Lin Biao Counter-Revolutionary Clique
- Simplified Chinese: 林彪反党集团
- Traditional Chinese: 林彪反黨集團

Standard Mandarin
- Hanyu Pinyin: Lín Biāo Fǎndǎng Jítuán

= Lin Biao Counter-Revolutionary Clique =

The Lin Biao Counter-Revolutionary Clique or the Lin Biao Anti-Party Clique was the term used during the Cultural Revolution in China to refer to a "clique organization" following the Lin Biao incident.

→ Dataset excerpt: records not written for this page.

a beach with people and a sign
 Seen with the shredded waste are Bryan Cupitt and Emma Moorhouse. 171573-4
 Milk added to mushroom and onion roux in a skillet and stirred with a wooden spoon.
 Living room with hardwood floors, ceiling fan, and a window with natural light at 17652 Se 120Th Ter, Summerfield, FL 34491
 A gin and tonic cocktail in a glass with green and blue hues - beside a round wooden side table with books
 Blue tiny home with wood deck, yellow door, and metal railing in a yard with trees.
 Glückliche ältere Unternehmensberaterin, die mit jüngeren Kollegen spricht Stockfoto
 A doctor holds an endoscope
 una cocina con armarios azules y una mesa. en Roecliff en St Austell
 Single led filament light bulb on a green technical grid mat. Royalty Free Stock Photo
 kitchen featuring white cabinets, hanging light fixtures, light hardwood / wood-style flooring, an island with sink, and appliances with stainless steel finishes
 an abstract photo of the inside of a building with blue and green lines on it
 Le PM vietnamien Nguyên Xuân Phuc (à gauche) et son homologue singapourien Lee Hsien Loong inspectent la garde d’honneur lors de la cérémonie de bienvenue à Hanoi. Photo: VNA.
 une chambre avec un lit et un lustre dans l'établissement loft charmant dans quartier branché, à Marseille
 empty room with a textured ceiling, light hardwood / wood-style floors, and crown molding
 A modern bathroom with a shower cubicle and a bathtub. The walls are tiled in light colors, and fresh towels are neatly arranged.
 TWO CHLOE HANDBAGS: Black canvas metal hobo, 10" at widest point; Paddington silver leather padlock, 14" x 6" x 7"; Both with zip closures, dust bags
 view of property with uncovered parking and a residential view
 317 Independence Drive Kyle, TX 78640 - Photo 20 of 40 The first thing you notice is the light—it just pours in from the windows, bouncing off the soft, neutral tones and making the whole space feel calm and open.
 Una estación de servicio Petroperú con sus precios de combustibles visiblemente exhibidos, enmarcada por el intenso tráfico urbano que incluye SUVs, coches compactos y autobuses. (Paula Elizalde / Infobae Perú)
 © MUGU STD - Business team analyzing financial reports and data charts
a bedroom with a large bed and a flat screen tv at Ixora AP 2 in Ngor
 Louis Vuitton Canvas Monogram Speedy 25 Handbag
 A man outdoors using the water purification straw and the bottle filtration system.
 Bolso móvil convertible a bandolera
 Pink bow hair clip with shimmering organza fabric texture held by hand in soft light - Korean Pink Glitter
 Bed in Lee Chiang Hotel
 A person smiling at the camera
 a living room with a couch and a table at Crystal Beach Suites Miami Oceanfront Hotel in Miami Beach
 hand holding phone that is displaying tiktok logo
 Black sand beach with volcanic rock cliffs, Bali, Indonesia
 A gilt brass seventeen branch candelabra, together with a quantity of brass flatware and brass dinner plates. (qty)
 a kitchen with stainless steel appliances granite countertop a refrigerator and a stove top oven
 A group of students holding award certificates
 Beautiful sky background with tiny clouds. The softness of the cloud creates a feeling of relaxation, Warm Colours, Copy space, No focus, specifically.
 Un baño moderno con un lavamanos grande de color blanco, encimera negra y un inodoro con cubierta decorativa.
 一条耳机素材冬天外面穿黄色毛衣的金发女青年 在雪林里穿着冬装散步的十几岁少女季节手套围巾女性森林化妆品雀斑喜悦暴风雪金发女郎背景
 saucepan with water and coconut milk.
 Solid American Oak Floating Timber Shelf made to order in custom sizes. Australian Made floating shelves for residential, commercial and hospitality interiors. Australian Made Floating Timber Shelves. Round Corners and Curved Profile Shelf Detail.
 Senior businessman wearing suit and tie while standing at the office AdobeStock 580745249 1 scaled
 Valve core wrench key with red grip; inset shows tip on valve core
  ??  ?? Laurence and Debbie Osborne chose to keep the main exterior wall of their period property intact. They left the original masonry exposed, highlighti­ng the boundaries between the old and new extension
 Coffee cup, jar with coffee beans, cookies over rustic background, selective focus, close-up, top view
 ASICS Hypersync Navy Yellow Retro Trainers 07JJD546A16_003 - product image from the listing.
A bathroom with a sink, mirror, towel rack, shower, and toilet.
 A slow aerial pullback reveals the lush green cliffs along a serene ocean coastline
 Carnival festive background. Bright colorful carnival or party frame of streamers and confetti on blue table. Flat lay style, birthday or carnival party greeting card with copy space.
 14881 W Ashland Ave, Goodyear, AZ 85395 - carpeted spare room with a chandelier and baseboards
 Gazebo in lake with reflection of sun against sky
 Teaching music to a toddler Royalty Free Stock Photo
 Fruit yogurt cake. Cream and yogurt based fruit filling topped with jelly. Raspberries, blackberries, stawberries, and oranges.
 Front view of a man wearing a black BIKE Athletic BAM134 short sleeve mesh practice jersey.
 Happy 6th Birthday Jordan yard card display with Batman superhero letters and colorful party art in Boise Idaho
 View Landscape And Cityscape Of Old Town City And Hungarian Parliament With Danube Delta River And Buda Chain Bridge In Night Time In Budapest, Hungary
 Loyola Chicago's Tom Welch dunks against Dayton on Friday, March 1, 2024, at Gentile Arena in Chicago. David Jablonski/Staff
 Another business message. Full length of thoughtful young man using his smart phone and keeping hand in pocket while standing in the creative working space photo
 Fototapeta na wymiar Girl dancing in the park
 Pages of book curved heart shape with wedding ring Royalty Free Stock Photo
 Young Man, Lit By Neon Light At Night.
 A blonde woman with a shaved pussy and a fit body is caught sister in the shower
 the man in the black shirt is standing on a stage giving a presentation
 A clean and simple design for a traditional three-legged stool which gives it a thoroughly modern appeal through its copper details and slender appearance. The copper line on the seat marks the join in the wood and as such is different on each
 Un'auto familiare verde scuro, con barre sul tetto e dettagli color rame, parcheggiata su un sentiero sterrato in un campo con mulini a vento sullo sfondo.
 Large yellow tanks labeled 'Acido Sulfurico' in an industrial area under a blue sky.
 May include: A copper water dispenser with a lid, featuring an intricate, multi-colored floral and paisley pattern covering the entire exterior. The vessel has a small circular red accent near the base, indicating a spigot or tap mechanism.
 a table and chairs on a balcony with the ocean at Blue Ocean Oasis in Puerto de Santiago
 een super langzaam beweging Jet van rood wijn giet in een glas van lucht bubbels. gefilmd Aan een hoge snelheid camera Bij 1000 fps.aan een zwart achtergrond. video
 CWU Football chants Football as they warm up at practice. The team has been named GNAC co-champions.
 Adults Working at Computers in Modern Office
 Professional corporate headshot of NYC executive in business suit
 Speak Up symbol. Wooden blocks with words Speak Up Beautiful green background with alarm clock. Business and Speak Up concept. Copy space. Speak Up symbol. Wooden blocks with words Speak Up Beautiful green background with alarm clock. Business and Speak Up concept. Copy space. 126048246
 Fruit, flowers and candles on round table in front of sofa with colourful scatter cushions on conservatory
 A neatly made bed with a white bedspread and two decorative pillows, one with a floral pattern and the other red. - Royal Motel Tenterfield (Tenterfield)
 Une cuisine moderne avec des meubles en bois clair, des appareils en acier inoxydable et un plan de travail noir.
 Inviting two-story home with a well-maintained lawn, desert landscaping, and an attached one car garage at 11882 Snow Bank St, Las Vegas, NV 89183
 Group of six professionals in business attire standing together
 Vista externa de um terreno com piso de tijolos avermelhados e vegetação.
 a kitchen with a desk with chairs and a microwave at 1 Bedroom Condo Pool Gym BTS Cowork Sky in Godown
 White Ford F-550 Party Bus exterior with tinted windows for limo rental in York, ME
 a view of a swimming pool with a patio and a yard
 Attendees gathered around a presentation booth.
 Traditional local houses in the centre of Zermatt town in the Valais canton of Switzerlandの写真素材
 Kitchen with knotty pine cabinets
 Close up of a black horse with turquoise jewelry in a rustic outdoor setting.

It was mainly composed of Lin Biao, Chen Boda, Ye Qun, Huang Yongsheng, Wu Faxian, Li Zuopeng, Qiu Huizuo, and Lin Liguo. The Chinese Communist Party accused it of colluding with the Jiang Qing Counter-Revolutionary Clique (also known as the Gang of Four) to seize supreme power in China during the Cultural Revolution.

== History ==
Since the plot to assassinate Mao Zedong failed, Lin Biao fled by plane on 13 September 1971. The plane crashed in Undurhaan, Mongolia.  Other key members were also arrested, and the Lin Biao group was crushed.

During the Cultural Revolution, due to the Lin Biao incident, the Lin Biao anti-Party clique was described as "representing the interests of the overthrown landlords and bourgeoisie, and representing the desire of the overthrown reactionaries to overthrow the dictatorship of the proletariat and restore the dictatorship of the bourgeoisie".